Federal National Mortgage Association (Fannie Mae)
The Federal National Mortgage Association (Fannie Mae) was created by Congress in 1938 but was not privatized until 1968 to stabilize the housing markets in the aftershock of the Great Depression. Initially, FNMY was established to buy and sell FHA-insured loans from banks, and VA-guaranteed loans were added in 1944 as part of the benefits for soldiers. Its role was expanded in 1972 (as part of the Nixon Policy Changes) when Fannie Mae was permitted to buy and sell conventional mortgages. This made Fannie Mae the largest investor in the secondary mortgage market.

Starting in 1970, the charter of Freddie Mac set things in motion. Fannie Mae and Freddie Mac created a secondary market for mortgages, which would increase liquidity on the bank’s balance sheets, meaning that lenders no longer had to hold those mortgages but could sell them into the secondary market once they originated. This, in turn, freed up their capital such that they could then make new mortgages.

Ginnie Mae- guaranty of timely principal and interest payments to Bond Holders
For over 50 years, Ginnie Mae has provided market stability and liquidity to America’s housing finance system. It is a significant outlet for providing global capital to the housing market, ensuring a steady funding source for the vast majority of the government-insured or guaranteed loans offered.

Unlike Fannie Mae or Freddie Mac, the underlying mortgages are not Ginnie Mae’s assets. Instead, issuers securitize these mortgages and sell them to investors (Securitized Bonds) with Ginnie Mae’s guaranty of timely principal and interest payments. This guaranty is backed by the full faith and credit of the U.S. government.

Part 1. The Primary and Secondary Mortgage Markets—How they Work
When you take out a home loan, the loan is underwritten, funded, and serviced by a lender. We will use the following example of a person acquiring the home of their dreams through a typical FHA 3% down payment, home mortgage process. You have selected a lender such as Quicken Loans, the largest fintech lender in the country.

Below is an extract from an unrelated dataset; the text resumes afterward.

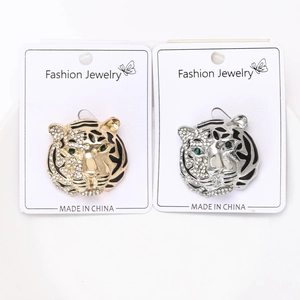 Detailed close-up of tiger head brooches with crystal rhinestones on white gift card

The purchase price is $200,000, and you will be using PMI due to the minimum down payment.

Figure 1. The Primary Market

In this example, the reader can track both the borrower’s mortgage note and their future payments and servicing by the color-coded details.

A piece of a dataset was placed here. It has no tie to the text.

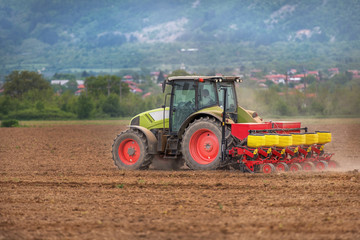 Fototapete - Farmer in tractor sowing crops at field with seed scattering agr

Step 1. Lender funds Loan and owner take possession of the home. The borrower utilizes the PMI insurance program.


Step 2. Lender funds the Loan from their Warehouse Line of Credit, and they will retain the loan in their portfolio; however, they will sell the servicing rights to a third party servicer (nonbank).
They pay-down their credit lines by selling a tranche of $250Million worth of loans into the secondary markets; this loan is included. The loans are often sold to large securitizers, such as Fannie Mae.

Figure 2.  Example of the Life Cycle of the Home Mortgage Loan

Step 3. After the lender issues the borrower a loan, all their future dealings are handled by a commercial mortgage servicer, called a master servicer. The master servicer collects all future MBS loan payments.
The Servicer collects loan payments, and the reader will notice that the mortgage payment of $1,370 is made to the Loan Servicer; however, the servicer retains the escrow accounts and forwards just the Principal and Interest to the Note Holder.

Secondary Mortgage Market Explained
The secondary mortgage market is where mortgages and various servicing rights are bought and sold between lenders, servicers, and investors. Multiple types of Mortgages are sold into the secondary market and pooled into mortgage-backed securities and then sold to investors—including insurance companies and hedge funds.
Ginnie Mae’s guarantee provides investors with fixed-income security that has the same credit quality as a U.S. Treasury bond. Therefore, investors do not face credit risk—the possibility of loss from unpaid mortgages—because Ginnie Mae guarantees timely payment of principal and interest.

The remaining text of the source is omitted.